El clásico al que quiero referirme hoy es una experiencia universal, sobre todo para aquellos que estamos acostumbrados a la vida urbana y a las aceras del barrio de Chamberí (vamos, para los que somos de piso).
El caso es que el otro día rememoré con Calleja lo que siente uno cuando va al campo. La noche anterior le robas tiempo al sueño preparando la ropa al detalle; te enfadas porque, justo cuando hace falta, no aparece la dichosa cantimplora; te acuestas tarde y pasas una hora despierto en la cama sin poder reprimir -todo esfuerzo es inútil- esa ilusión que provoca hacer un plan extraordinario... en definitiva, vuelves a ser un niño.
Te despiertas. Desazón y, en seguida, una agradable punzada en el corazón: te has acordado de que hoy vas a hacer un plan distinto, de que vas a ir al campo. Te levantas de golpe. De camino a la ducha te cruzas por el pasillo con un desvelado hermano que viene de hacer pis y vuelve a la cama:
-¿Qué haces despierto a estas horas?
-Me voy al campo, ¿y tú?
-Eh...
-Bueno, tengo prisa, que descanses.
Ducha rápida de agua bien caliente. Te vistes y te aprietas bien las botas a las que quitaste anoche el barro de la excursión de hace tres meses. Te sientes con tanta energía que apartas el café y te tomas un colacao con galletas y un par de tostadas cargadas de mantequilla y mermelada. Hay que salir. Sales. Aire fresco en la cara. Todavía no ha amanecido más que en las sacristías, donde los curas preparan devotamente la Misa que celebrarán dentro de una hora. Tú lo tenías previsto y fuiste ayer tarde.
Llegas por fin al punto de encuentro con tus amigos. Tomáis, ahora sí, un café, mientras esperáis a los impuntuales de siempre. Ya estamos todos. Primeros rayos de luz: va a hacer un día perfecto.
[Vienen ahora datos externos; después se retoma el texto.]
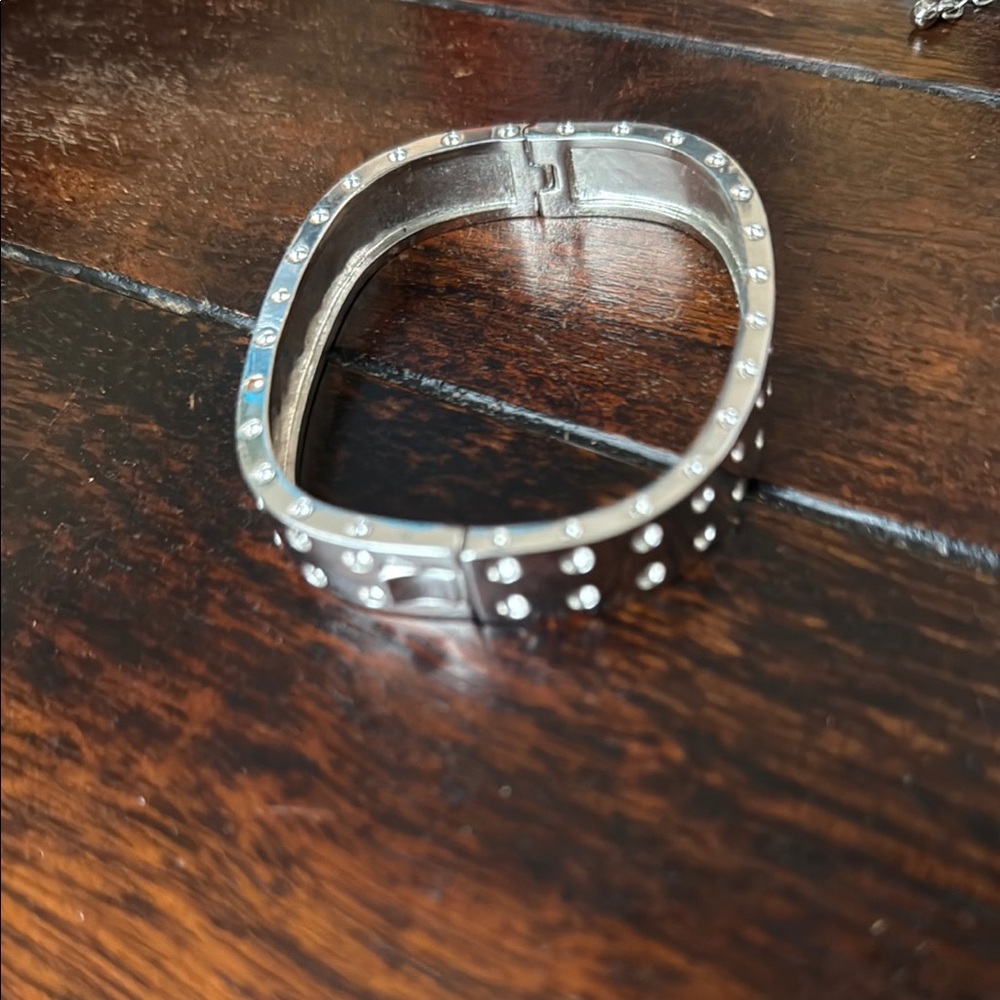 Sleek Silver Hinged Bracelet with Studded Design
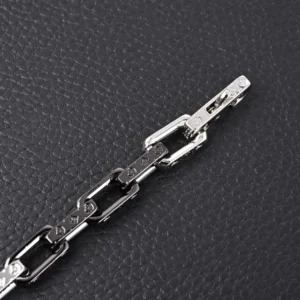 Louis Vuitton Bamboo Series Black Silver Bracelet showcasing intricate craftsmanship, featuring LV initials and stylish link design on a textured black background.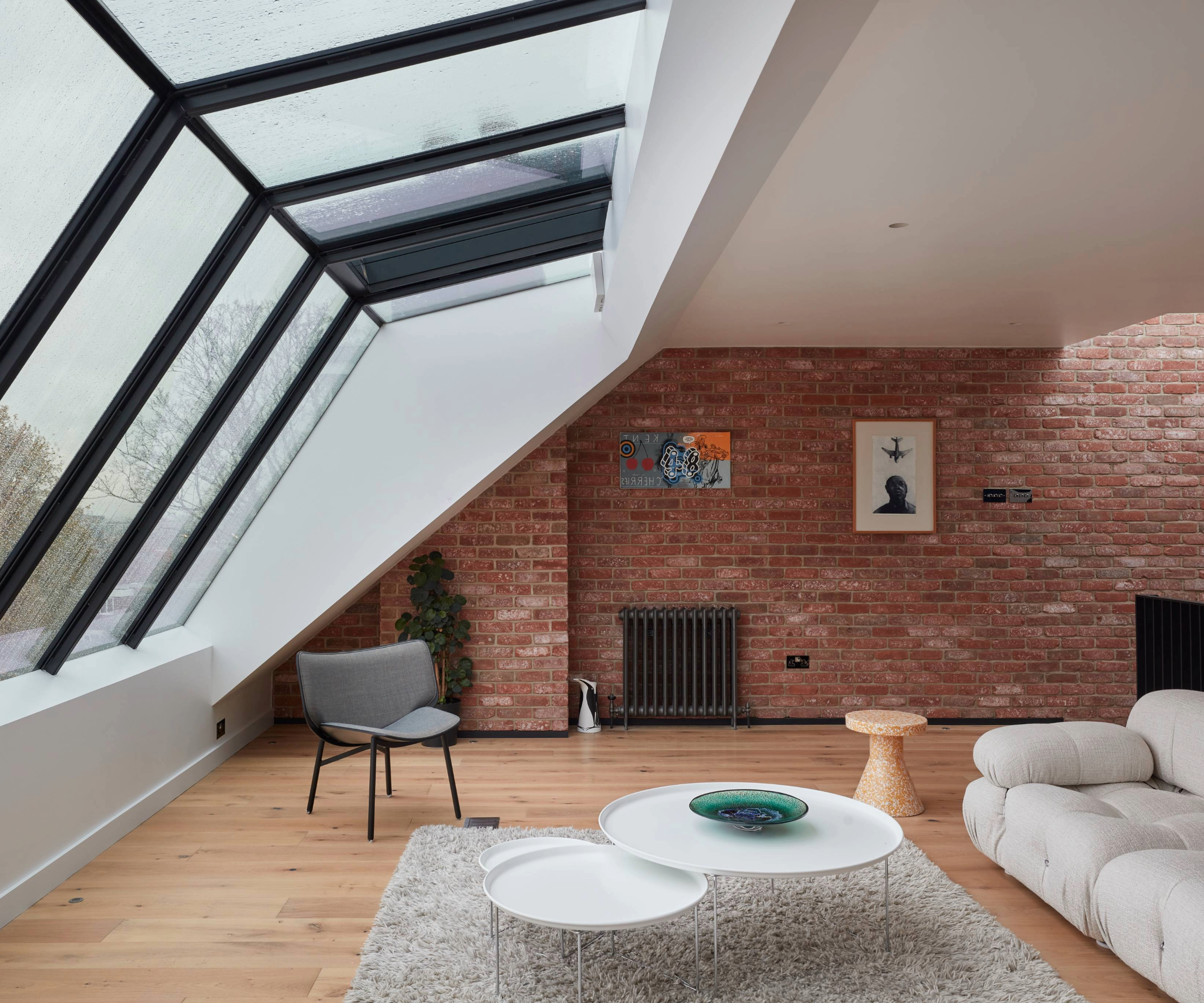 Loft conversion with red brick walls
Empieza la excursión. En estas excursiones hay dos posibles planteamientos o, lo que es lo mismo, dos clases de personas: las que se han marcado un objetivo y nada les impedirá lograrlo, y las que se han marcado un objetivo y están dispuestas a dejarse llevar por los encantos del camino. Yo pertenezco al segundo grupo. Me explico: cuando vas andando por el campo o por el monte, muchas veces llegas a mitad de camino a un lugar apacible, y sientes aquello que sintió San Pedro -por algo seremos tocayos- al decir "¡qué bien se está aquí, hagamos tres tiendas!". Y yo, quizá tú también, estaría dispuesto a alterar los planes de la excursión, a quedarme allí todo el día, a pesar de no cumplir el objetivo preestablecido de llegar a tal punto o tal cima. Sin embargo, el líder de la expedición es quien manda, y siempre decide que hay que seguir. ¡Aguafiestas, amargado!, piensa uno. Y continúa la excursión.
A partir de aquí es necesario distinguir dos tipos de excursiones: las de hacer noche en el campo y las de volver a casa para cenar. Empezando por estas últimas, está claro que nunca llegas a cenar; siempre pasa algo, y muchas veces es una avería en el coche a la vuelta. Lo que pasa cuando por fin llegas a casa es lo mismo que cuando decides hacer noche y vuelves al día siguiente, sólo que en este último caso el efecto se multiplica porque has dormido mal. Y lo que pasa es lo que sigue.
Llegas a casa entumecido, con frío en el mal cuerpo, hambre, sueño, dolor de tripa, ganas de miccionar, suciedad, y sobre todo, mucha sensación de suciedad (que no es lo mismo que suciedad)... en definitiva, vuelves a ser un adulto. Entonces es cuando te viene a la cabeza el cuarto de baño: en él puedes solucionar todos tus problemas en 45 minutos. Sólo necesito intimidad y agua caliente, piensas, mientras entras por la puerta de casa y vas al baño dando tumbos dispuesto a pasar la ITV higiénica, que no es otra cosa que sacar partido a todas las funciones del wc y salir del mismo totalmente nuevo. Mañana es lunes: entras a las 8, el coche está en reserva, en el tiempo han dicho que lloverá y además en la empresa están haciendo un ERE... Felix homo ruris!